The remainder of this paper is organized as follows. Section 2 presents the related literature, discusses the gap of exciting research, and illustrates the uniqueness of our research. Section 3 introduces the two-echelon APSC, including a single processer and a single supermarket, problem description, and assumptions. Section 4 shows the four decision models for each scenario. Section 5 compares the equilibrium solution in each scenario and analyzes the effect of FC and CSR on bilateral quality efforts and APSC. Section 6 conducts the numerical simulation to verify our conclusions. Section 7 concludes our research and proposes certain future directions.

2. Literature Review

To analyze the effects of FC and CSR on bilateral quality efforts in APSC, we reviewed the literatures from three aspects: the quality management of APSC, the effect of CSR on APSC, and the effect of FC on APSC.

(1) The quality management of APSC

This article studied the quality management of the two-echelon APSC, and therefore, sorted out the research on APSC quality management from both upstream and downstream perspectives.

Firstly, some scholars focus on the unilateral quality management of agricultural products by upstream enterprises in APSC. Controlling producers is the top priority in ensuring the quality and safety of agricultural products because the production process of agricultural products directly affects food safety [1]. A manufacturer’s production efforts can effectively ensure high standards of initial quality of agricultural products, which can help improve the overall quality of the supply chain and thereby increase overall profits [2]. The “wholesale price + preservation cost sharing” contract was designed to motivate suppliers to improve preservation efforts while considering consumer utility [3]. The impact of suppliers’ preservation efforts on the freshness of fresh agricultural products was analyzed [4]. Upstream enterprises made efforts to strictly control the quality and safety of agricultural products [5]. The revenue sharing contract based on effort cost sharing can be designed to effectively motivate agricultural producers to invest in quality efforts and achieve supply chain coordination [6,7].
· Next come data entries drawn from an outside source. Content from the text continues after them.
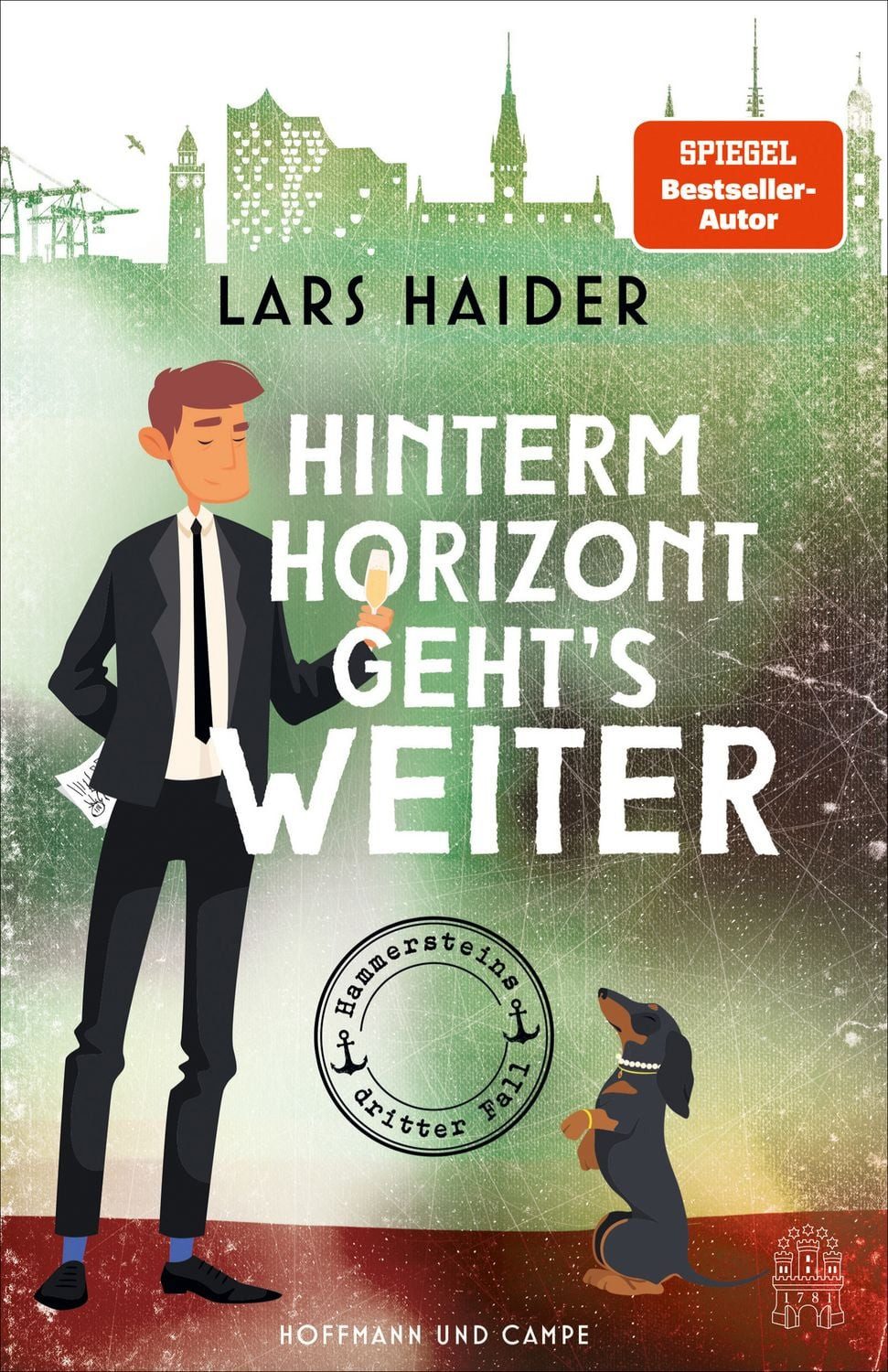 Hinterm Horizont geht's weiter / Lars Haider
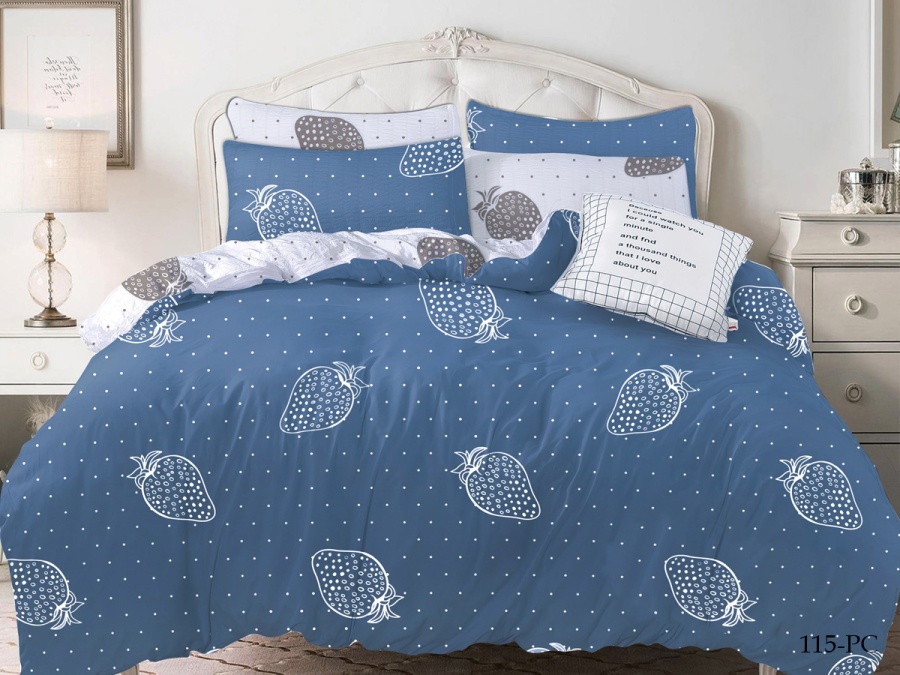 КПБ Cleo Поплин "Pure Cotton" 115-PC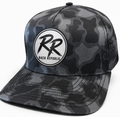 Rack Republic Camo Snapback Hats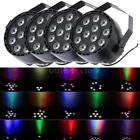 Dyh2281895562491il Lixada Rgbw Led Stage Par Light Strobe Professional 602720226045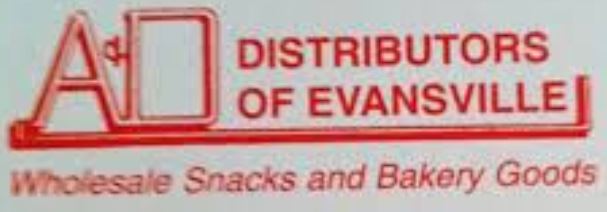 A & D DISTRIBUTORS OF EVANSVILLE logo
Secondly, some scholars focus on the unilateral quality management of agricultural products by downstream enterprises in APSC. The optimal investment is in the preservation technology and retailers’ replenishment strategies based on sale efforts to reduce the spoilage of fresh agricultural products through preservation technology investment [8,9]. The quality testing and control of agricultural products were investigated in the retail process, and it can effectively improve both the quality and safety of agricultural products [10]. The quality effort of the agricultural supermarket has a positive impact on the quality and safety control effectiveness of agricultural products [11]. The quality control of agricultural products by the agricultural supermarket was considered, and the quality of agricultural products can be improved through an income sharing contract with retained earnings [12]. The quality and safety of fresh agricultural products in the internet environment were studied, and both strategies and suggestions were proposed to improve the unilateral quality effort of agricultural product sellers [13,14]. It is necessary to strengthen the sale process of agricultural products to solve the quality problems of agricultural products and to propose that supermarkets should develop a quality testing standard of agricultural products, responsible for cold chain distribution, to ensure the supply quality of agricultural products [15,16].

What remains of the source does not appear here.